◆ Exercise aim
Within the entries below, please retype exactly the lines starting with the line that has "Stupell Industries Howdy" and going on through the line that has "Raspberry Pi 3B+", but not the pictures.

◆ Data records
■ ■ ■
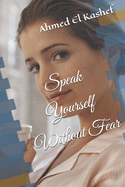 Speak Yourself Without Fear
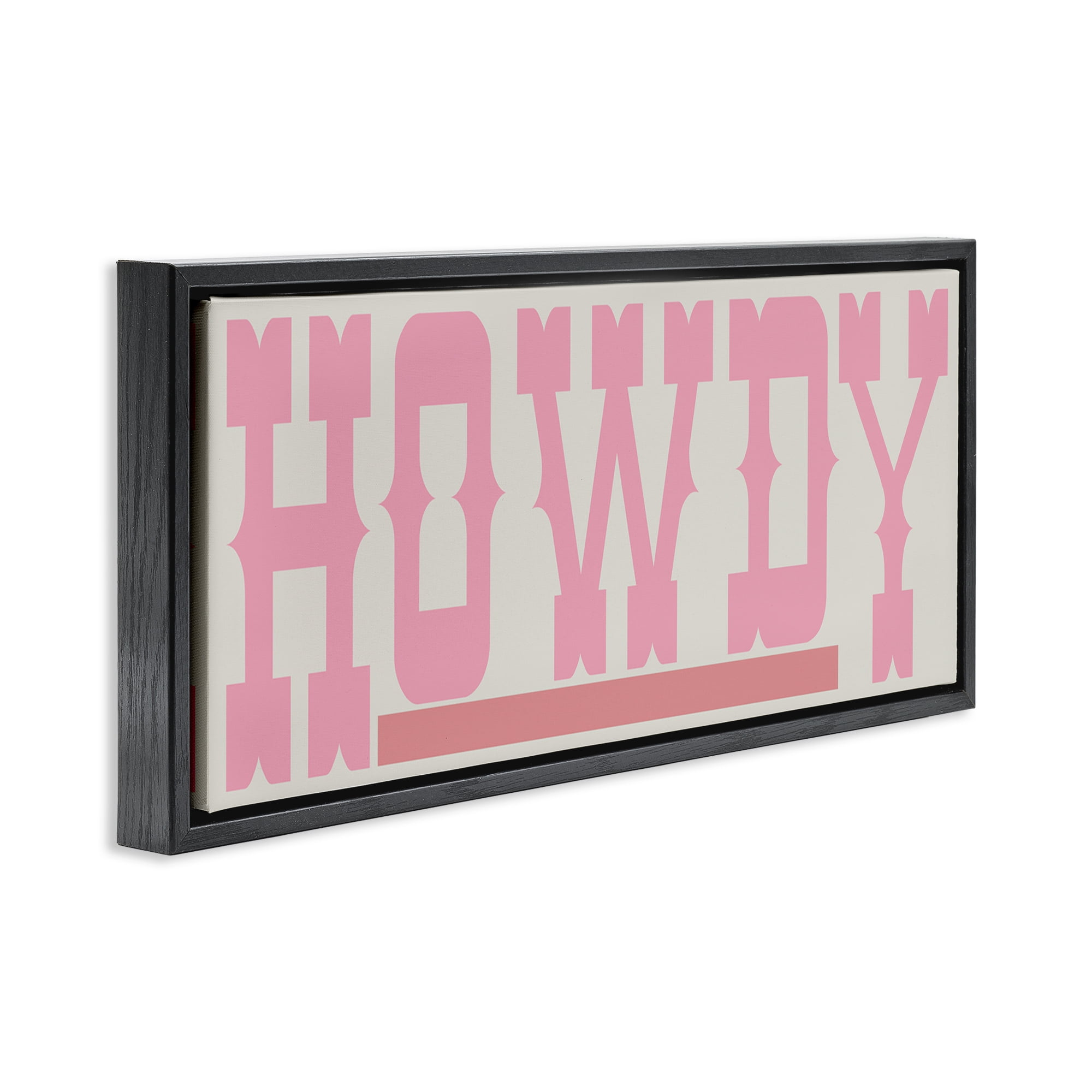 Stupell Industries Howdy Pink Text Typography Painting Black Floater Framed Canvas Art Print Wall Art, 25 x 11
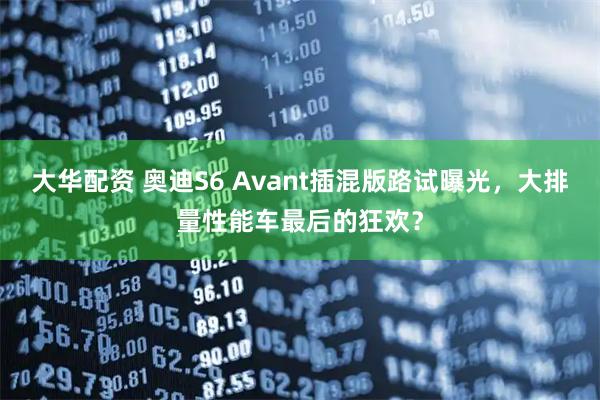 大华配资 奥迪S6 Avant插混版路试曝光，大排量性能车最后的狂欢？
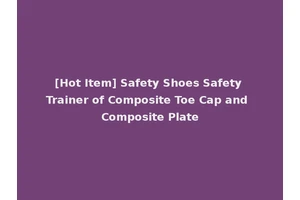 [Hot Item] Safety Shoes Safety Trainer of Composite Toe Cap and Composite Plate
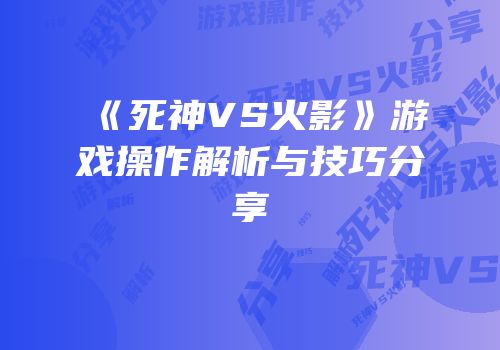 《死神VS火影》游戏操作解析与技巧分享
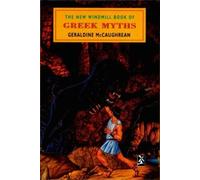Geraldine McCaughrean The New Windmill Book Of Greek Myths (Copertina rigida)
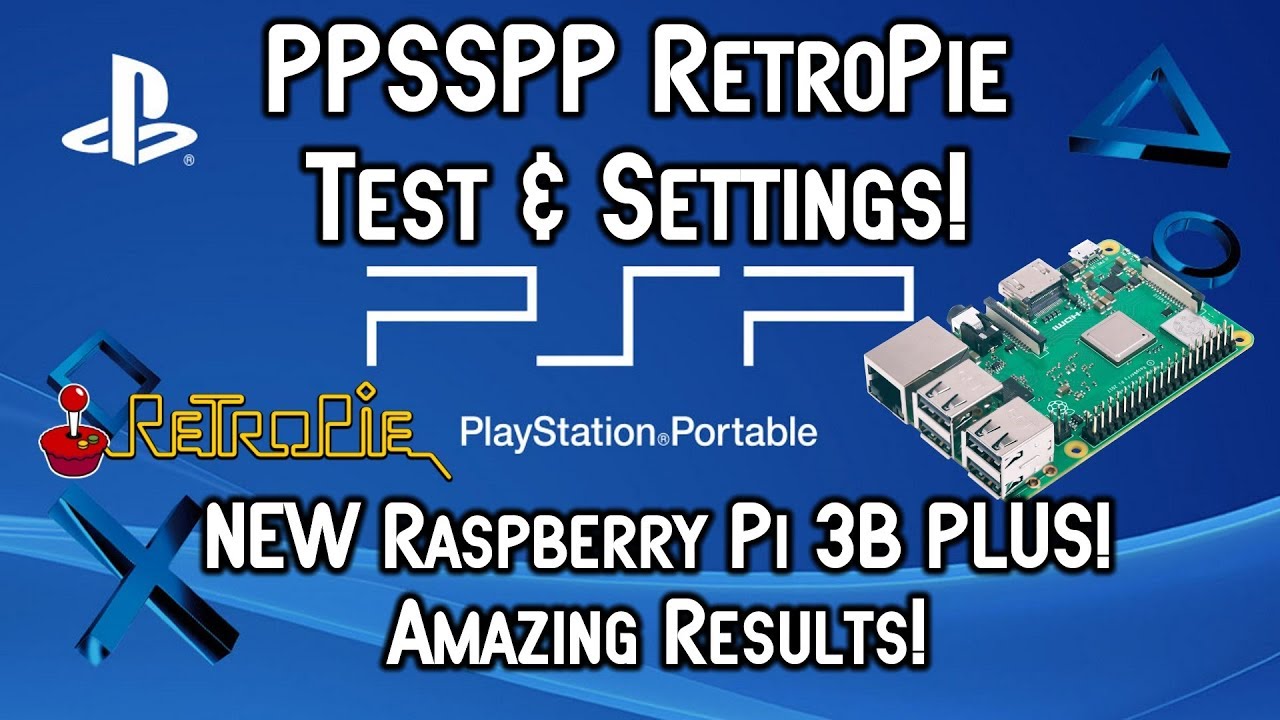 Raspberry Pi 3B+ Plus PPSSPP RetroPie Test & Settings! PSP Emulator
■ ■ ■
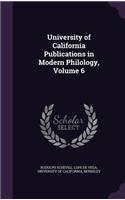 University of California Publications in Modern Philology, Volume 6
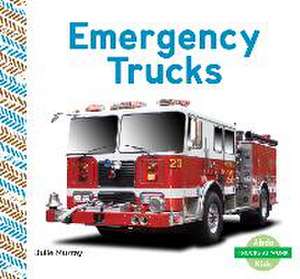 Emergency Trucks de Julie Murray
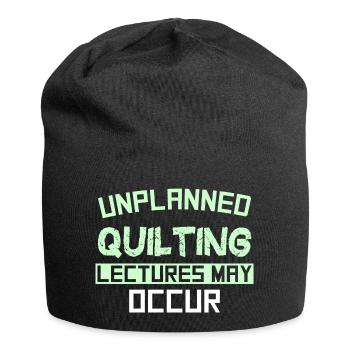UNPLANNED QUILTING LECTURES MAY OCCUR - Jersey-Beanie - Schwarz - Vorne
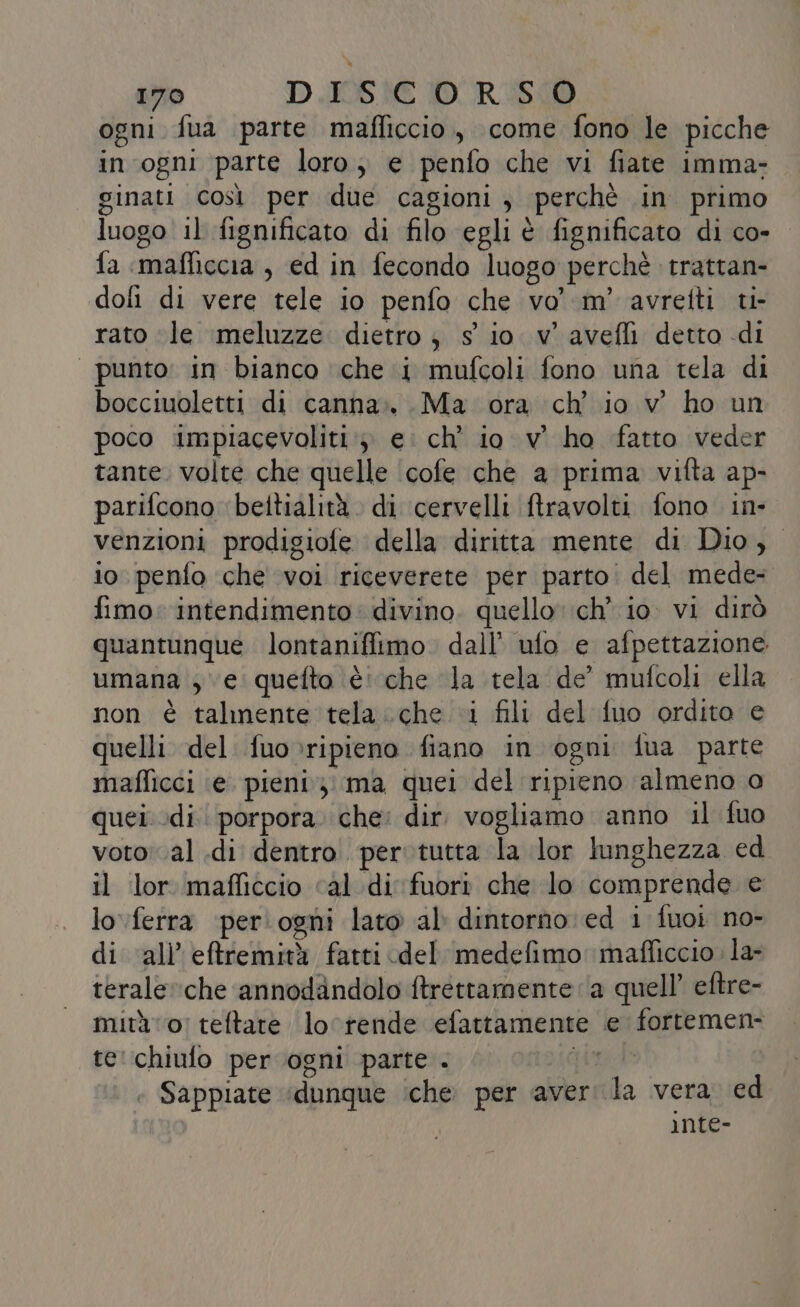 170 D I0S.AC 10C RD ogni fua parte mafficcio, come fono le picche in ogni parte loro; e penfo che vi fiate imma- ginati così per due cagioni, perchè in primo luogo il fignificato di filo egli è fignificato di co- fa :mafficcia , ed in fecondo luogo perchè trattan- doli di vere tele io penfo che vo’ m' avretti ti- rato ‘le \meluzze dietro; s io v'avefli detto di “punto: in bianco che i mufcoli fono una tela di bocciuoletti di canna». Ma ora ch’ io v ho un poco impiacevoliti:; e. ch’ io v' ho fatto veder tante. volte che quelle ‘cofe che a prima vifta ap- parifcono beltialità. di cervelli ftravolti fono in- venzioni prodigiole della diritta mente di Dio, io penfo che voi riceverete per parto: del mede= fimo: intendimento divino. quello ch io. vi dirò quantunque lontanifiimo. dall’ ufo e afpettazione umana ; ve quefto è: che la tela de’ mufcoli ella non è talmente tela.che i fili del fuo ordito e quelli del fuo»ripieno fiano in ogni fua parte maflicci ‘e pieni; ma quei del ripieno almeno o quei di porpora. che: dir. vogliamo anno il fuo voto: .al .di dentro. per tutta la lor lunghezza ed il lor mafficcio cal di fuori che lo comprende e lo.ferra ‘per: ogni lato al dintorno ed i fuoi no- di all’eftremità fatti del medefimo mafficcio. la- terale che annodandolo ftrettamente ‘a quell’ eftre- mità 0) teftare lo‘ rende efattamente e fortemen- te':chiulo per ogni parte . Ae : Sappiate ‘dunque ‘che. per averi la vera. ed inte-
■ ■ ■
◆ Task result
 Stupell Industries Howdy Pink Text Typography Painting Black Floater Framed Canvas Art Print Wall Art, 25 x 11
 大华配资 奥迪S6 Avant插混版路试曝光，大排量性能车最后的狂欢？
 [Hot Item] Safety Shoes Safety Trainer of Composite Toe Cap and Composite Plate
 《死神VS火影》游戏操作解析与技巧分享
Geraldine McCaughrean The New Windmill Book Of Greek Myths (Copertina rigida)
 Raspberry Pi 3B+ Plus PPSSPP RetroPie Test & Settings! PSP Emulator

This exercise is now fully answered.